**TASK DETAILS:**
Nothing but an exact copy of the listing should be given.

**PROVIDED DATA:**
▬▬▬
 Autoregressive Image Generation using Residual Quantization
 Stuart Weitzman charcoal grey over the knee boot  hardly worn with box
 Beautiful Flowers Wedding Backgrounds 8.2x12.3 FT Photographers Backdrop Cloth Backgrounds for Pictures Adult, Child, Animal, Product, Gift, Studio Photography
▬▬▬
**RESPONSE AREA:**
 Autoregressive Image Generation using Residual Quantization
 Stuart Weitzman charcoal grey over the knee boot  hardly worn with box
 Beautiful Flowers Wedding Backgrounds 8.2x12.3 FT Photographers Backdrop Cloth Backgrounds for Pictures Adult, Child, Animal, Product, Gift, Studio Photography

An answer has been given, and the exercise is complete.